START Records for the exercise
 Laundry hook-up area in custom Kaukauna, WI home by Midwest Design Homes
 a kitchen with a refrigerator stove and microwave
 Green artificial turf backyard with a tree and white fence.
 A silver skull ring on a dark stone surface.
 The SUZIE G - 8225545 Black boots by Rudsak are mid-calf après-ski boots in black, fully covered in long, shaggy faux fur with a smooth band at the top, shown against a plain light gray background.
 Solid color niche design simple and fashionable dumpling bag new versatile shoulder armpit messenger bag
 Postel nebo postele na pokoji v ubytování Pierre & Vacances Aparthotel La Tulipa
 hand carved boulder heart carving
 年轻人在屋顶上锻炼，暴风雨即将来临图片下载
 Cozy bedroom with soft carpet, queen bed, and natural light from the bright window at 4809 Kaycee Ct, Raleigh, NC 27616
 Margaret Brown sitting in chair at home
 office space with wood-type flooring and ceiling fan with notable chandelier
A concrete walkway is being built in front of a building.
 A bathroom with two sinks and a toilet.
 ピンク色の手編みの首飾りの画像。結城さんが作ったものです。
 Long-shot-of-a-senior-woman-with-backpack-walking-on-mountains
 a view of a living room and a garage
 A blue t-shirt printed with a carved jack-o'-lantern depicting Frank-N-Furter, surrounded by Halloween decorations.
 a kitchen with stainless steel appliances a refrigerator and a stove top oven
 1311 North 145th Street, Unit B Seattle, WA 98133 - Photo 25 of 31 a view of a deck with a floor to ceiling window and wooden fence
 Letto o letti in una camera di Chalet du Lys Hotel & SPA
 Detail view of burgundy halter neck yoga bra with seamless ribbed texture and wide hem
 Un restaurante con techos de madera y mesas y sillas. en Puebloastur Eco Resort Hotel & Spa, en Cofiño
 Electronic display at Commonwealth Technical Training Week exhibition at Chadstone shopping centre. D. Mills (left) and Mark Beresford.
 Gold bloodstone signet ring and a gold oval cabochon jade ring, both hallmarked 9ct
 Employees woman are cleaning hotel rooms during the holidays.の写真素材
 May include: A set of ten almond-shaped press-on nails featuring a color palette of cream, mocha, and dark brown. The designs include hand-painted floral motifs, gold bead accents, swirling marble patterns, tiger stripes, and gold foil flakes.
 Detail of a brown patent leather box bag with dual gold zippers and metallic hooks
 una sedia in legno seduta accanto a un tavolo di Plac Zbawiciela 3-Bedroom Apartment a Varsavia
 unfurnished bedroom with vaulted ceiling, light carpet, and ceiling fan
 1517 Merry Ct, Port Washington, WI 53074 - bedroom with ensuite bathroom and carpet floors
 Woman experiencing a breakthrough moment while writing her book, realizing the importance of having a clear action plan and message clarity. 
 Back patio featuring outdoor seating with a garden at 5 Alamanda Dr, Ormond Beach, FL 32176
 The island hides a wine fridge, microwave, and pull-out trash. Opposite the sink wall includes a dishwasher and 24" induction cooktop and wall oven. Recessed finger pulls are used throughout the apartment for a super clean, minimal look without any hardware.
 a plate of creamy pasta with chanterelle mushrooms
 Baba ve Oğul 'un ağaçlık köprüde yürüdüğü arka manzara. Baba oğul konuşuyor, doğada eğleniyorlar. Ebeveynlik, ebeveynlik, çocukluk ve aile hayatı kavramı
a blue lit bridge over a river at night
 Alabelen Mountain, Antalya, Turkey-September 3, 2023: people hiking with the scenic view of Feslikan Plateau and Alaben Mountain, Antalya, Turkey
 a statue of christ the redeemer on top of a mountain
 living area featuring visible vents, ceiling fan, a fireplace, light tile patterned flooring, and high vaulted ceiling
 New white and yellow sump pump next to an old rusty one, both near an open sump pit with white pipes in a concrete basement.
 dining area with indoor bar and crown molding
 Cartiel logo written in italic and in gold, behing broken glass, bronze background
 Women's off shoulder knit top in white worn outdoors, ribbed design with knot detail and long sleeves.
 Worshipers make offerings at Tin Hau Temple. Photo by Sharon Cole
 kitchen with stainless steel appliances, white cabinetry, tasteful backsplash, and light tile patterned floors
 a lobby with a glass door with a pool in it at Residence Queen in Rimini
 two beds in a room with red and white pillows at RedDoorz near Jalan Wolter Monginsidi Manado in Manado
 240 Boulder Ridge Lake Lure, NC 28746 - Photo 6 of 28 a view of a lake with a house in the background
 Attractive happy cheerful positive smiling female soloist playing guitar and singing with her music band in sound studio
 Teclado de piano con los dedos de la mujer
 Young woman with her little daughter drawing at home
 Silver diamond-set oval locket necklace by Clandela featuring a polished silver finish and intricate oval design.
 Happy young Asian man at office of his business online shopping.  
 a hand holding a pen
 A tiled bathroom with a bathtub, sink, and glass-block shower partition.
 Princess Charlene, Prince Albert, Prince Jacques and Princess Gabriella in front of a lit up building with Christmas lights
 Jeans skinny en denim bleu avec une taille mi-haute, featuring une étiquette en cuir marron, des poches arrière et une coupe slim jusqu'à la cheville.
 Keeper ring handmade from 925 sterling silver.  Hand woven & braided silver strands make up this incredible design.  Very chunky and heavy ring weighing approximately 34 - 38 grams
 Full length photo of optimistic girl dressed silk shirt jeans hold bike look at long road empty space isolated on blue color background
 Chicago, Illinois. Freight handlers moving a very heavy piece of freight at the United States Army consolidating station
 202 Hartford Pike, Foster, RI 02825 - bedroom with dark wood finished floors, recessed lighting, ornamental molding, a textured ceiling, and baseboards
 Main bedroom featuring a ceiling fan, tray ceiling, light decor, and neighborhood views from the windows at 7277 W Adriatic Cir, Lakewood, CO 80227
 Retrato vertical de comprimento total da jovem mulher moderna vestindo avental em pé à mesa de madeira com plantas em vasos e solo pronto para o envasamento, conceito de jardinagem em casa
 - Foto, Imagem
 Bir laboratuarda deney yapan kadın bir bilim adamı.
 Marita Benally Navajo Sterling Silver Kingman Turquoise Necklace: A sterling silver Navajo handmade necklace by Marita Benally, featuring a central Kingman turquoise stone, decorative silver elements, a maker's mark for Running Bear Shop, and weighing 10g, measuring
END Records for the exercise
**Problem details:** Give the data back exactly as it stands.

**Answer to this problem:**
 Laundry hook-up area in custom Kaukauna, WI home by Midwest Design Homes
 a kitchen with a refrigerator stove and microwave
 Green artificial turf backyard with a tree and white fence.
 A silver skull ring on a dark stone surface.
 The SUZIE G - 8225545 Black boots by Rudsak are mid-calf après-ski boots in black, fully covered in long, shaggy faux fur with a smooth band at the top, shown against a plain light gray background.
 Solid color niche design simple and fashionable dumpling bag new versatile shoulder armpit messenger bag
 Postel nebo postele na pokoji v ubytování Pierre & Vacances Aparthotel La Tulipa
 hand carved boulder heart carving
 年轻人在屋顶上锻炼，暴风雨即将来临图片下载
 Cozy bedroom with soft carpet, queen bed, and natural light from the bright window at 4809 Kaycee Ct, Raleigh, NC 27616
 Margaret Brown sitting in chair at home
 office space with wood-type flooring and ceiling fan with notable chandelier
A concrete walkway is being built in front of a building.
 A bathroom with two sinks and a toilet.
 ピンク色の手編みの首飾りの画像。結城さんが作ったものです。
 Long-shot-of-a-senior-woman-with-backpack-walking-on-mountains
 a view of a living room and a garage
 A blue t-shirt printed with a carved jack-o'-lantern depicting Frank-N-Furter, surrounded by Halloween decorations.
 a kitchen with stainless steel appliances a refrigerator and a stove top oven
 1311 North 145th Street, Unit B Seattle, WA 98133 - Photo 25 of 31 a view of a deck with a floor to ceiling window and wooden fence
 Letto o letti in una camera di Chalet du Lys Hotel & SPA
 Detail view of burgundy halter neck yoga bra with seamless ribbed texture and wide hem
 Un restaurante con techos de madera y mesas y sillas. en Puebloastur Eco Resort Hotel & Spa, en Cofiño
 Electronic display at Commonwealth Technical Training Week exhibition at Chadstone shopping centre. D. Mills (left) and Mark Beresford.
 Gold bloodstone signet ring and a gold oval cabochon jade ring, both hallmarked 9ct
 Employees woman are cleaning hotel rooms during the holidays.の写真素材
 May include: A set of ten almond-shaped press-on nails featuring a color palette of cream, mocha, and dark brown. The designs include hand-painted floral motifs, gold bead accents, swirling marble patterns, tiger stripes, and gold foil flakes.
 Detail of a brown patent leather box bag with dual gold zippers and metallic hooks
 una sedia in legno seduta accanto a un tavolo di Plac Zbawiciela 3-Bedroom Apartment a Varsavia
 unfurnished bedroom with vaulted ceiling, light carpet, and ceiling fan
 1517 Merry Ct, Port Washington, WI 53074 - bedroom with ensuite bathroom and carpet floors
 Woman experiencing a breakthrough moment while writing her book, realizing the importance of having a clear action plan and message clarity. 
 Back patio featuring outdoor seating with a garden at 5 Alamanda Dr, Ormond Beach, FL 32176
 The island hides a wine fridge, microwave, and pull-out trash. Opposite the sink wall includes a dishwasher and 24" induction cooktop and wall oven. Recessed finger pulls are used throughout the apartment for a super clean, minimal look without any hardware.
 a plate of creamy pasta with chanterelle mushrooms
 Baba ve Oğul 'un ağaçlık köprüde yürüdüğü arka manzara. Baba oğul konuşuyor, doğada eğleniyorlar. Ebeveynlik, ebeveynlik, çocukluk ve aile hayatı kavramı
a blue lit bridge over a river at night
 Alabelen Mountain, Antalya, Turkey-September 3, 2023: people hiking with the scenic view of Feslikan Plateau and Alaben Mountain, Antalya, Turkey
 a statue of christ the redeemer on top of a mountain
 living area featuring visible vents, ceiling fan, a fireplace, light tile patterned flooring, and high vaulted ceiling
 New white and yellow sump pump next to an old rusty one, both near an open sump pit with white pipes in a concrete basement.
 dining area with indoor bar and crown molding
 Cartiel logo written in italic and in gold, behing broken glass, bronze background
 Women's off shoulder knit top in white worn outdoors, ribbed design with knot detail and long sleeves.
 Worshipers make offerings at Tin Hau Temple. Photo by Sharon Cole
 kitchen with stainless steel appliances, white cabinetry, tasteful backsplash, and light tile patterned floors
 a lobby with a glass door with a pool in it at Residence Queen in Rimini
 two beds in a room with red and white pillows at RedDoorz near Jalan Wolter Monginsidi Manado in Manado
 240 Boulder Ridge Lake Lure, NC 28746 - Photo 6 of 28 a view of a lake with a house in the background
 Attractive happy cheerful positive smiling female soloist playing guitar and singing with her music band in sound studio
 Teclado de piano con los dedos de la mujer
 Young woman with her little daughter drawing at home
 Silver diamond-set oval locket necklace by Clandela featuring a polished silver finish and intricate oval design.
 Happy young Asian man at office of his business online shopping.  
 a hand holding a pen
 A tiled bathroom with a bathtub, sink, and glass-block shower partition.
 Princess Charlene, Prince Albert, Prince Jacques and Princess Gabriella in front of a lit up building with Christmas lights
 Jeans skinny en denim bleu avec une taille mi-haute, featuring une étiquette en cuir marron, des poches arrière et une coupe slim jusqu'à la cheville.
 Keeper ring handmade from 925 sterling silver.  Hand woven & braided silver strands make up this incredible design.  Very chunky and heavy ring weighing approximately 34 - 38 grams
 Full length photo of optimistic girl dressed silk shirt jeans hold bike look at long road empty space isolated on blue color background
 Chicago, Illinois. Freight handlers moving a very heavy piece of freight at the United States Army consolidating station
 202 Hartford Pike, Foster, RI 02825 - bedroom with dark wood finished floors, recessed lighting, ornamental molding, a textured ceiling, and baseboards
 Main bedroom featuring a ceiling fan, tray ceiling, light decor, and neighborhood views from the windows at 7277 W Adriatic Cir, Lakewood, CO 80227
 Retrato vertical de comprimento total da jovem mulher moderna vestindo avental em pé à mesa de madeira com plantas em vasos e solo pronto para o envasamento, conceito de jardinagem em casa
 - Foto, Imagem
 Bir laboratuarda deney yapan kadın bir bilim adamı.
 Marita Benally Navajo Sterling Silver Kingman Turquoise Necklace: A sterling silver Navajo handmade necklace by Marita Benally, featuring a central Kingman turquoise stone, decorative silver elements, a maker's mark for Running Bear Shop, and weighing 10g, measuring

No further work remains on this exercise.